Surprisingly strong growth in France supported stable euro zone private business activity during August but factories could face a tougher September as new order growth stumbled, surveys show.
Muddying the outlook for the coming months is the United Kingdom’s vote in late June to leave the European Union, although so far the economic repercussions seem to have been confined to Britain, not its main trading partner.
“August’s slight rise in the euro zone Composite Purchasing Managers’ Index suggests that, despite shrugging off the UK’s Brexit vote, economic conditions remain fairly subdued,” said Stephen Brown at Capital Economics.
France’s private sector shrugged off its neighbor’s vote and accelerated to levels last seen just before the militant attacks in Paris in November, as an upturn in the service sector offset continued weakness in manufacturing.
Those attacks, and the recent one in Nice in July, hit the country’s service industry — the hotel and restaurant sector in particular — and resulted in lower demand for travel to Europe.
In France, the travel and tourism sector’s contribution to GDP will grow 1.1 percent this year, down from a previous forecast of 2.9 percent, the World Travel and Tourism Council said on Monday.
Still, the brighter overall picture should alleviate fears the French economy continued to slow down this quarter after unexpectedly stagnating in the second quarter of the year.
German private sector growth slowed in August, but remained robust overall, its PMI showed, suggesting Europe’s biggest economy is set to keep on expanding in the summer months after it grew more than expected in the second quarter.
Consumer confidence fell markedly again across the currency bloc in August, a sign of low morale after the British decision to leave the EU, official data showed on Tuesday.
The European Commission’s flash estimate, which defied economists’ forecasts of a rebound in confidence this month, showed euro zone consumer morale decreased to -8.5 in August from an unrevised -7.9 in July.
UNDER PRESSURE
Markit’s flash composite Purchasing Managers’ Index for the euro zone edged up to a seven-month high of 53.3 from July’s 53.2, where any reading above 50 indicates growth.

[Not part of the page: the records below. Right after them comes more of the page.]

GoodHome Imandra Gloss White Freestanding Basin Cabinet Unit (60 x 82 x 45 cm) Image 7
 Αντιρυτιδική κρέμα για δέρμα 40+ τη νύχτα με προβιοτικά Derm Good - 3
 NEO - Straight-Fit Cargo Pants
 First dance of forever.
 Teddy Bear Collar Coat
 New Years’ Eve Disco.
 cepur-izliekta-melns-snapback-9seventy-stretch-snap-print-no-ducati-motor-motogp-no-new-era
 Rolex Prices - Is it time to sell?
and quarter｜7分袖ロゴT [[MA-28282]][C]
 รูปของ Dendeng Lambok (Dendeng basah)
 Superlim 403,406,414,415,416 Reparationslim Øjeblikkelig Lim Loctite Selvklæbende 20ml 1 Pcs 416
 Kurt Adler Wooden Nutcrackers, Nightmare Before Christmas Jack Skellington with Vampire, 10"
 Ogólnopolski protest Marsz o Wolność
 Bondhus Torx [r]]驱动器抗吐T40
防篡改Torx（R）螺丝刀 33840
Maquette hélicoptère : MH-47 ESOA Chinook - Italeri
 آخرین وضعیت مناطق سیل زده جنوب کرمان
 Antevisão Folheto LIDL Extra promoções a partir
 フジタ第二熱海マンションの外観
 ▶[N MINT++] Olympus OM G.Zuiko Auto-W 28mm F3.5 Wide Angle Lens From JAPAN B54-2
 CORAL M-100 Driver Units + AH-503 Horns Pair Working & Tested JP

A Reuters poll of economists had predicted a slight dip to 53.1.
Markit said the PMI pointed to GDP expanding 0.3 percent this quarter, matching a Reuters poll earlier this month that showed the euro zone economic outlook stable but lacklustre, about half the speed at the start of the year.
“With underlying growth remaining muted, the ECB looks set to ease monetary policy further by year-end. After all, we do not expect inflation to increase by then either,” economists at Commerzbank told clients.
Pressure remains on the European Central Bank to announce more easing as it has so far been unsuccessful in getting inflation anywhere close to its 2 percent target ceiling. It is currently at just 0.2 percent year-on-year.
But there is little confidence among economists about just how much firepower the ECB has left.
Of some concern, having only trimmed their prices in July, firms returned to deeper discounting this month. The euro zone output price index fell to 49.5 from 49.8.
Discounting helped drive a PMI covering the bloc’s dominant service industry up to 53.1 from 52.9, also confounding expectations for a dip to 52.8. The manufacturing PMI was predicted to have held steady at July’s 52.0 but fell to 51.8.
The factory output index, which feeds into the composite PMI, nudged up to an eight-month high of 54.0 from 53.9.
However, new order growth was at its weakest since early 2015, falling to 51.5 from 52.2, suggesting the headline manufacturing PMI may decline next month.
Service firms were also less optimistic about the year ahead. The business expectations index fell to 60.2 from 60.9, its lowest reading since late 2014.